So, forgery. You know that whenever anything is collected it will be forged, without exception. While forgeries intended to fool the more dim-witted can be rather coarse and haphazard, others are too intricate even for the greatest experts to spot, and still others are so well executed that it takes decades to reveal them as forgeries, if they’re ever uncovered at all. Many collectors, especially beginners, think they’re safe from forgery if they concern themselves only with used stamps. This is because a number of states, particularly the Papal States, Sardinia, Hamburg, Hanover, Heligoland, and Bergedorf, reprinted rare sets of stamps that were no longer in use, and delivered them directly to collectors. These reprints, or, if you will, forgeries are all characterized by the fact that they’re not postmarked. But this is a special case that does not hold true across the board. There is nothing more preposterous than to say, “This stamp is counterfeit, because it’s not postmarked.” It would be much more accurate to say: this stamp is postmarked because it’s counterfeit. For there are in fact many fewer counterfeit stamps that are not postmarked: for the most part, only those where the forger, if we can use this word, is the state. The private forger who dares to counterfeit an intricately designed stamp can surely replicate a simple postmark as well. And when he has finished his forgery, he looks it over once more, very closely, searching for any irregularity that he can then obscure by covering it with a postmark.

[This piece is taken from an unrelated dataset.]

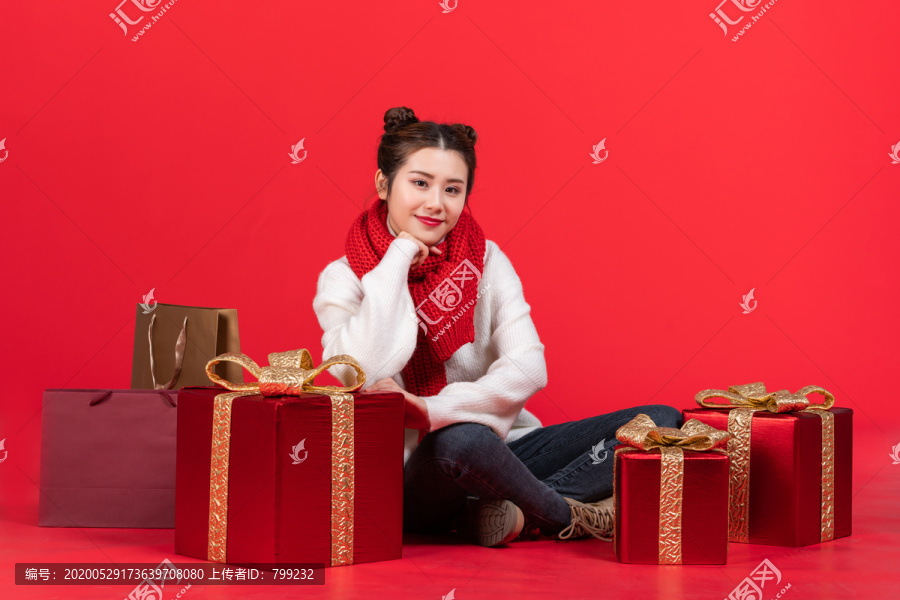 快乐的年轻女子和礼物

In short, collecting only postmarked stamps would protect you from some reprints but not from the great majority of counterfeit stamps. Very few collectors know which country enjoys the greatest reputation among stamp forgers, in other words, where the most successful counterfeits are made. That would be Belgium. Not only do Belgians counterfeit their own postage stamps — most famously the Belgian five-franc stamp — but they’re equally willing to forge foreign stamps, such as the one-peseta German Morocco.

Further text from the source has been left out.